# !!!!!! THE THING !!!!!!!!! Introduction by Tidal Surge Lures



## CaptainHebert (Jun 14, 2004)

After months of trial and error and testing here it is. This is *The Thing*. Because so many are asking us where is our paddle tail and I can not just throw out something so we took the time and came up with our own original design like nobody else has. This *Thing* has wicked action like no other paddle tail. We have two colors ready Limetreuse and Pink which are two of the best. I will be working on the website tonight and they will be available.


----------



## Hippel (Jun 23, 2008)

Well isn't that interesting. Something new indeed. I'm assuming the tails don't interfere with each other as they paddle. So what do they look like when you reel them in? Congratulations on the design!


----------



## reeltimer (Feb 5, 2010)

lol the endgrown shrimp tail...i like it.


----------



## hookset4 (Nov 8, 2004)

Interesting looking design and definitely two good colors to start with.

-hook


----------



## CaptainHebert (Jun 14, 2004)

*READY!!!!!!!!!!!!!!!!!!!!!!!!!!!*

http://www.tidalsurgelures.com/Store.html


----------



## Sabine Flounder Pounder (Jun 15, 2011)

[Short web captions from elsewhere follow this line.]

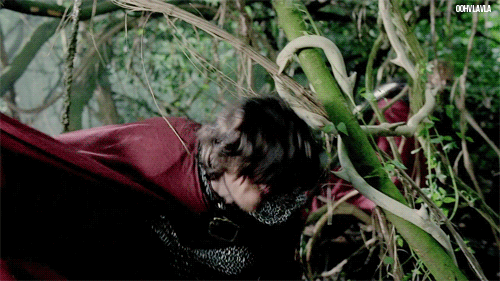 oohvlavla:I whip my hair back and forth, I whip my hair back and forth.gwaine pls.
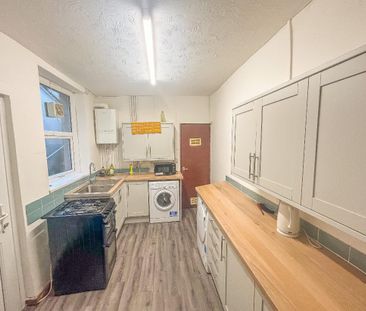 Stow Hill, Treforest, Pontypridd - Photo 5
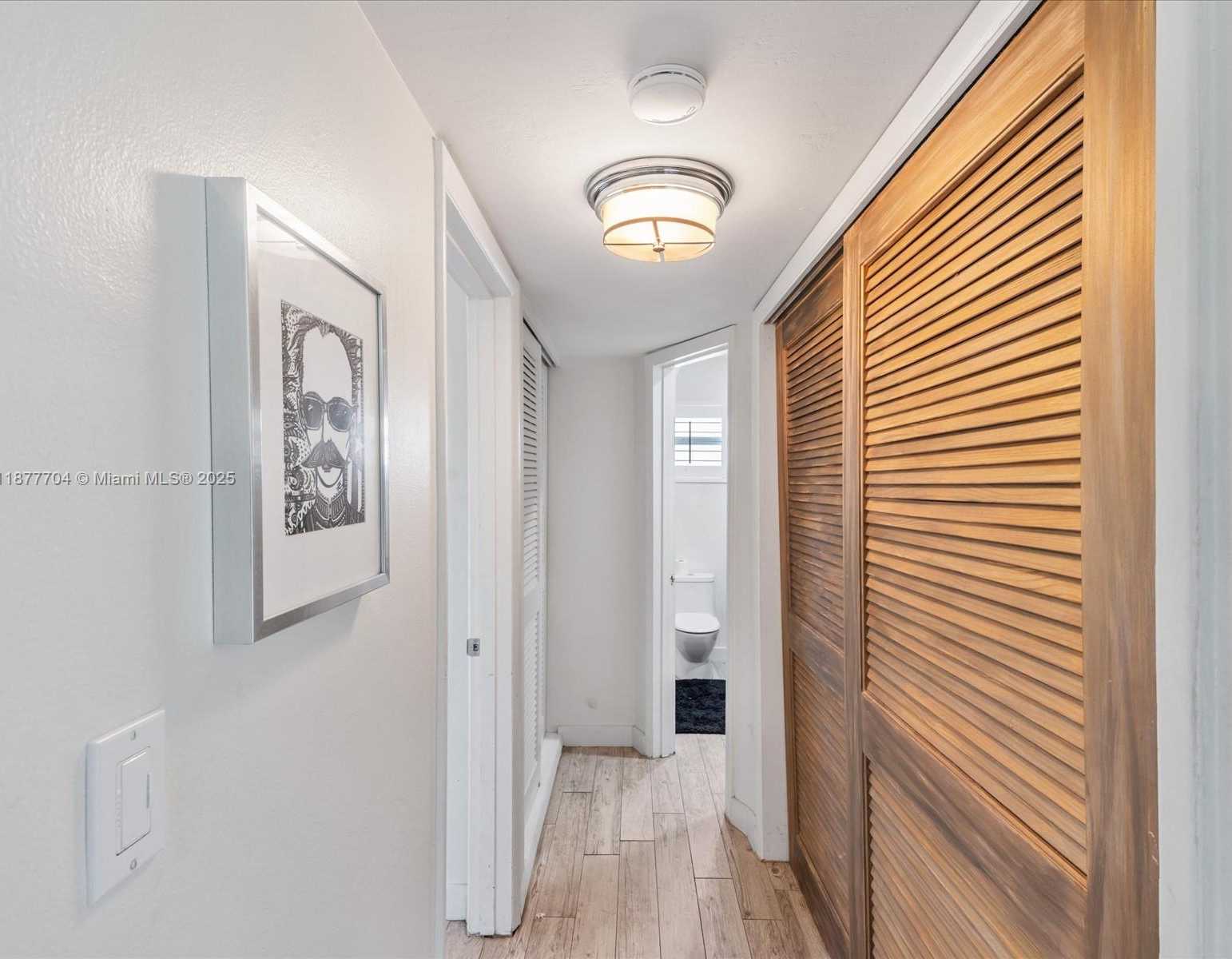 Small Image of 255 SUNRISE DR #307, Key Biscayne Number 14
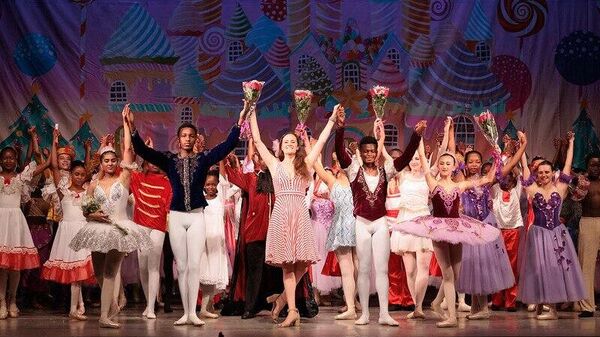 Nairobi a mis en scène le ballet Casse-Noisette, un grand classique pour la période des fêtes de fin d'année - Sputnik Afrique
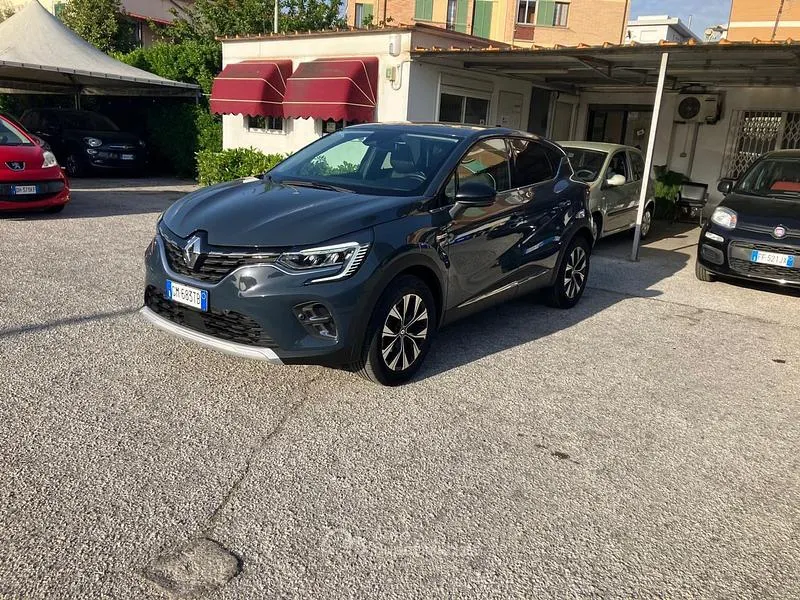 Usata Renault Captur Techno 91 CV (66 kW) 2023 Grigio SUV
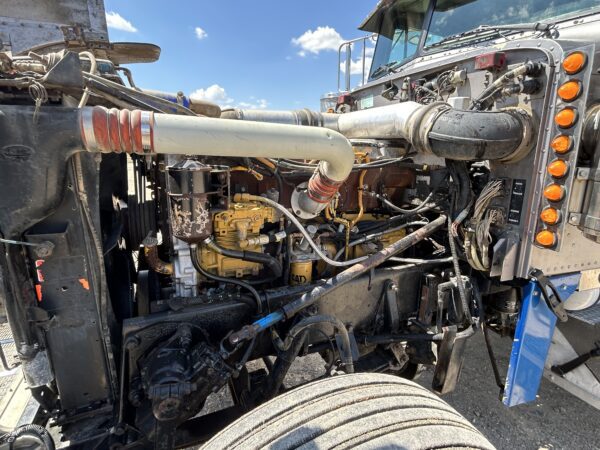1999 379 Peterbilt - Image 16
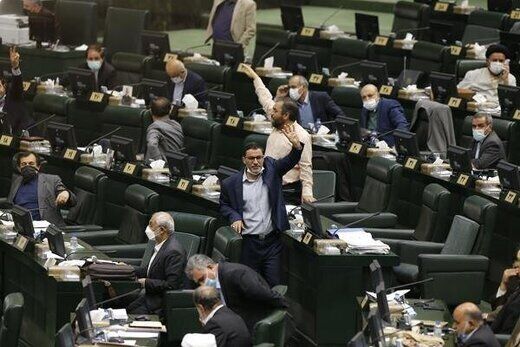 
«مولدسازی» خلاف قانون اساسی و ناقوس مرگ مجلس است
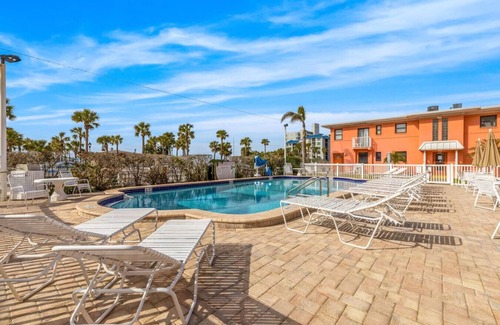 St. Pete Beach Apartment | Steps from Upham Beach & Pool
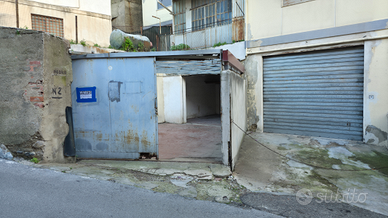 Box con cortile annesso in via Carrai 4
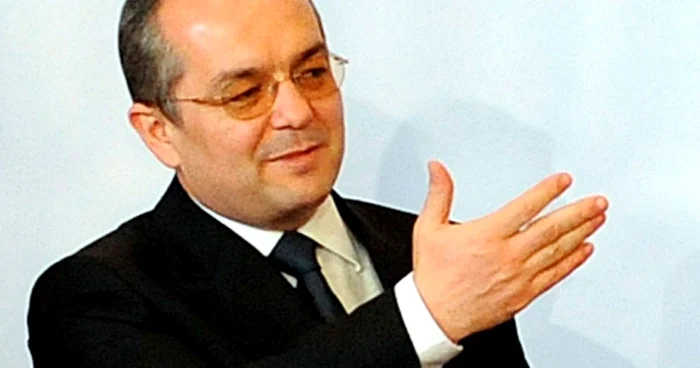 Boc le taie miniştrilor 20% din salarii
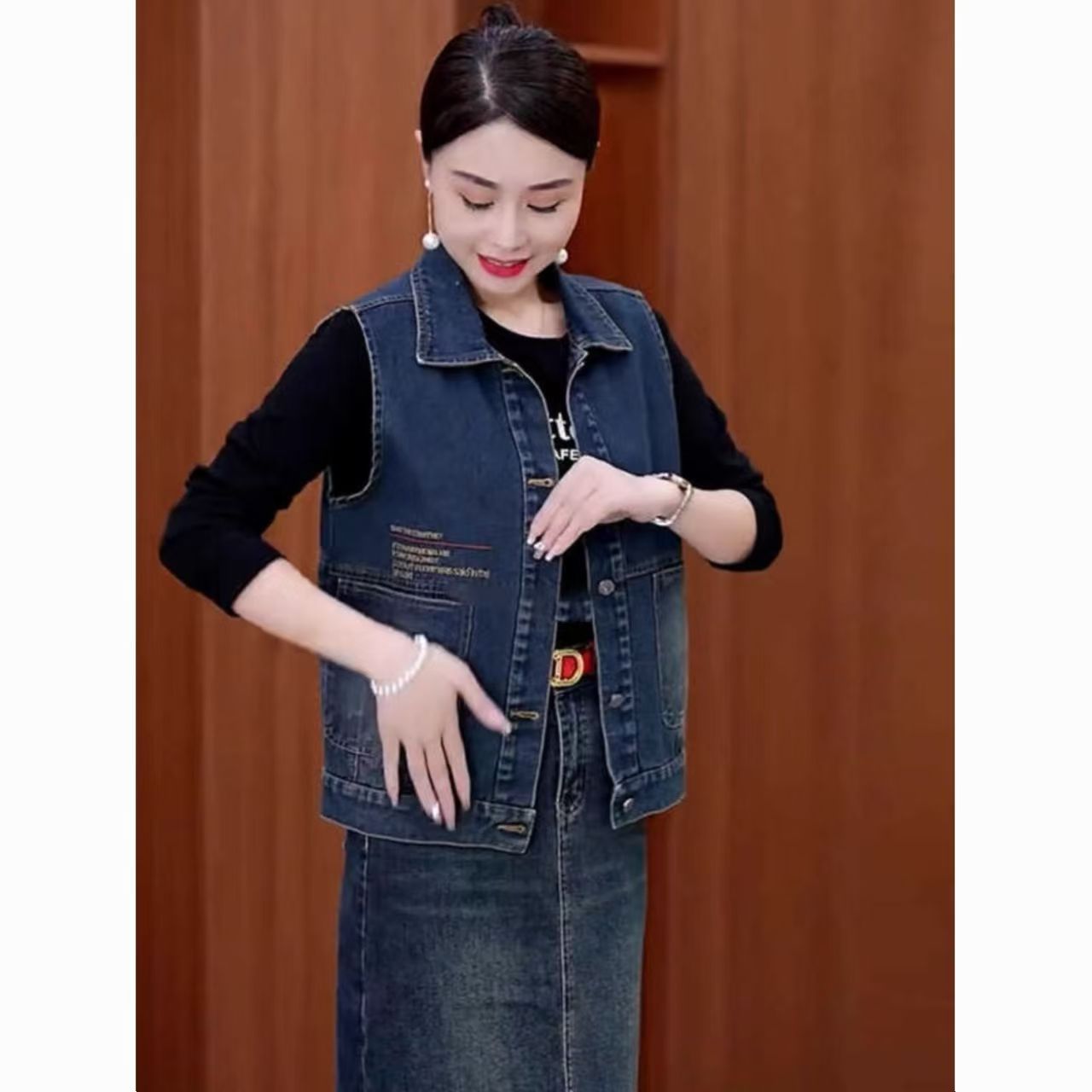 牛仔马甲女小个子春秋新款刺绣宽松休闲短款无袖坎肩背心外套上衣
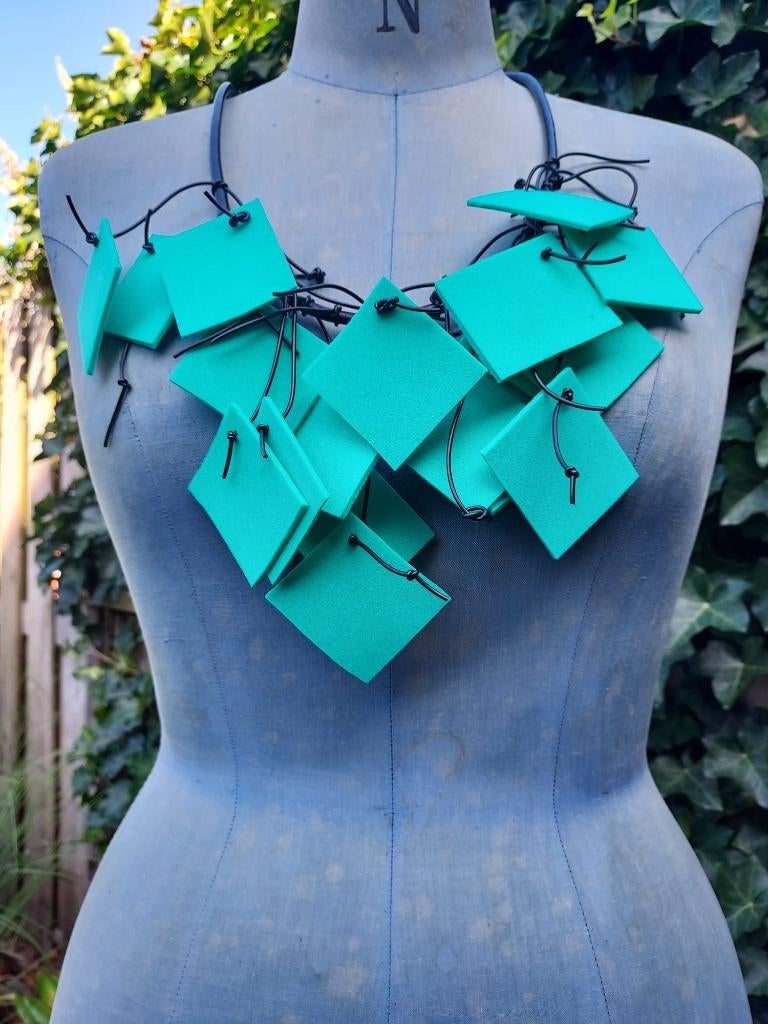 Unieke en kleurrijke rubberen ketting, Verzenden, Nieuw, Overige kleuren, Overige materialen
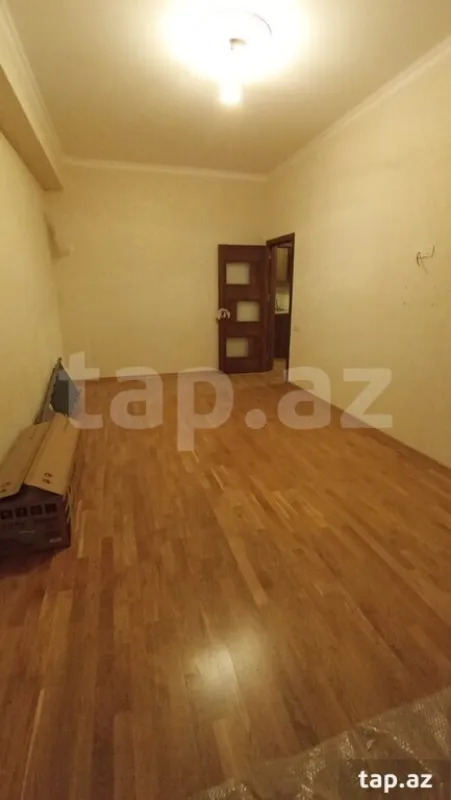 Satılır 3 otaqlı yeni tikili 74 m²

Baddd Arse,, just ordered mine.


----------



## The_Outrider (May 21, 2012)

That's 2Cool! Show us some rigged up pics.


----------



## txteltech (Jul 6, 2012)

Just ordered each color.


----------



## Finney Bay (Jun 25, 2010)

Put my order in, two of each.


----------



## svo (Jun 16, 2009)

ordered some,.looks interesting.


----------



## CaptainHebert (Jun 14, 2004)




----------



## aggie182 (Sep 12, 2010)

Just ordered some pink. I am such a sucker.


----------



## boltmaster (Aug 16, 2011)

Just ordered a pack of each......even if they look like somthing from a 1950s sci fi movie.......
........take me to your feeder......earthfish! 
Looking forward to trying them


----------



## CaptainHebert (Jun 14, 2004)

For some reason the mobil site is messed up so go to the full site.


----------



## Smackdaddy53 (Nov 4, 2011)

I like it!

http://www.fishingscout.com/anglers/SmackDaddy


----------



## goodwood (Mar 30, 2009)

Looks pretty wild. I bet it has a lot of flutter.


----------



## troutsupport (May 22, 2006)

even better if they do interfer and bang together every once in a while... thats some thunderous vibration going out.


----------



## Smackdaddy53 (Nov 4, 2011)

troutsupport said:


> even better if they do interfer and bang together every once in a while... thats some thunderous vibration going out.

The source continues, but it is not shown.